TASK:
Print every entry below exactly, leaving out the pictures.
═══ DATA PROVIDED
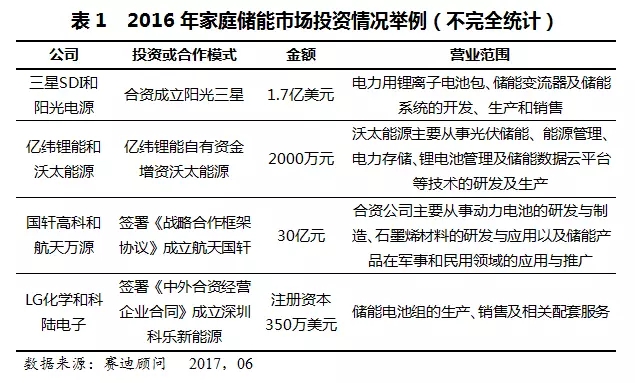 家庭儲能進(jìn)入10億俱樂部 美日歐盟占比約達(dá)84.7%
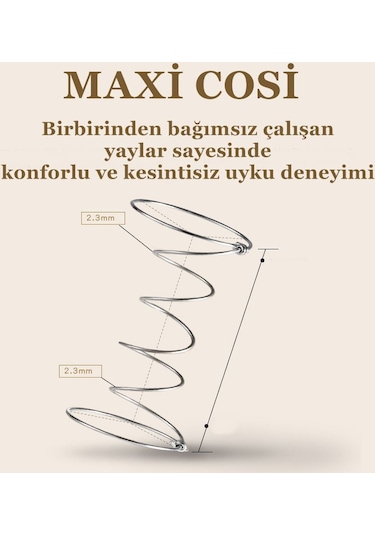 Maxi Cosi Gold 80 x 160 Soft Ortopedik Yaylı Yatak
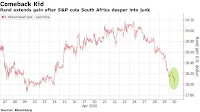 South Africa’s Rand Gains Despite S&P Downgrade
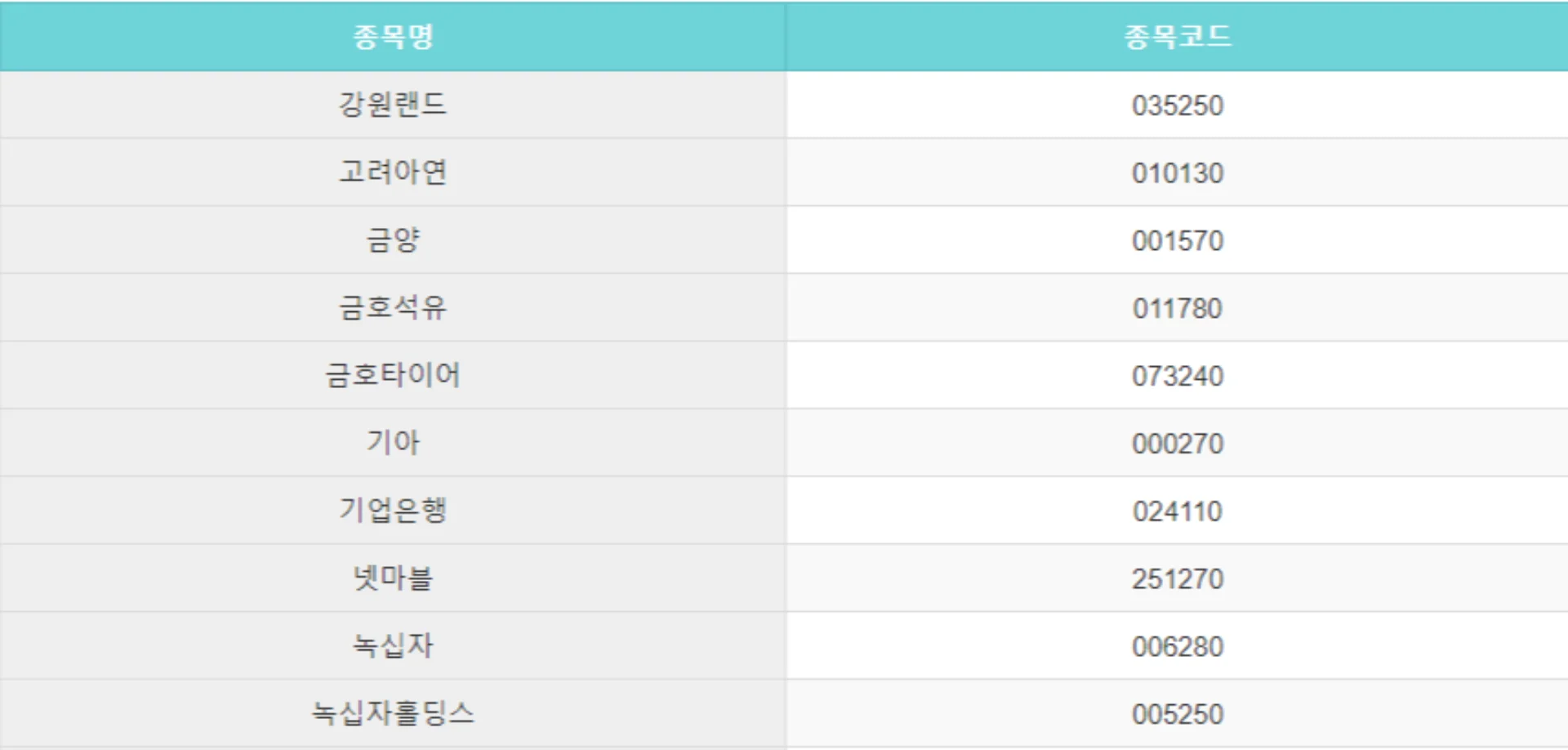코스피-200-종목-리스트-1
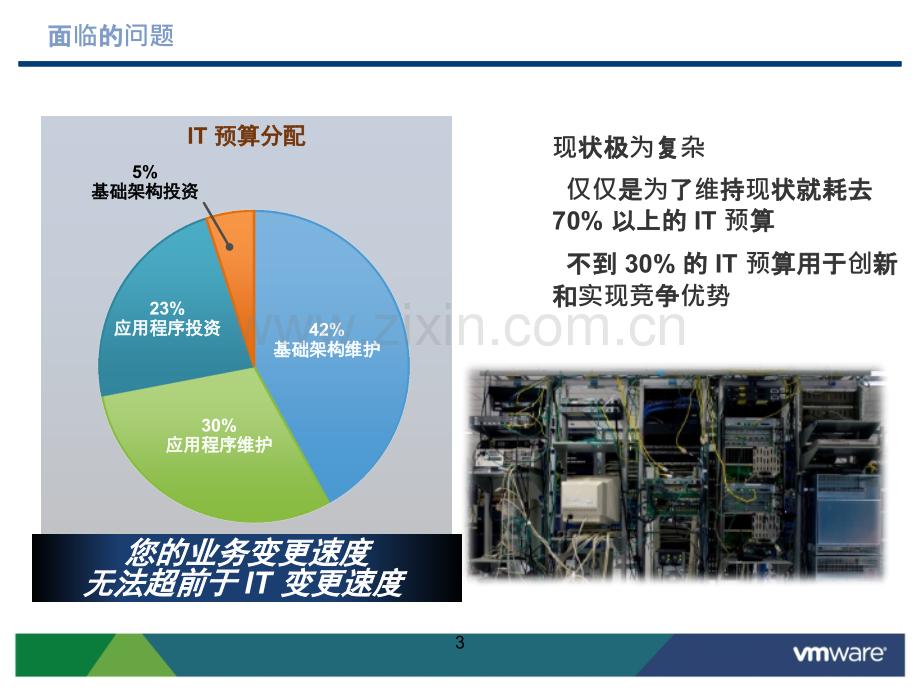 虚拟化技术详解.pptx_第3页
══════
EXERCISE ANSWER:
 家庭儲能進(jìn)入10億俱樂部 美日歐盟占比約達(dá)84.7%
 Maxi Cosi Gold 80 x 160 Soft Ortopedik Yaylı Yatak
 South Africa’s Rand Gains Despite S&P Downgrade
코스피-200-종목-리스트-1
 虚拟化技术详解.pptx_第3页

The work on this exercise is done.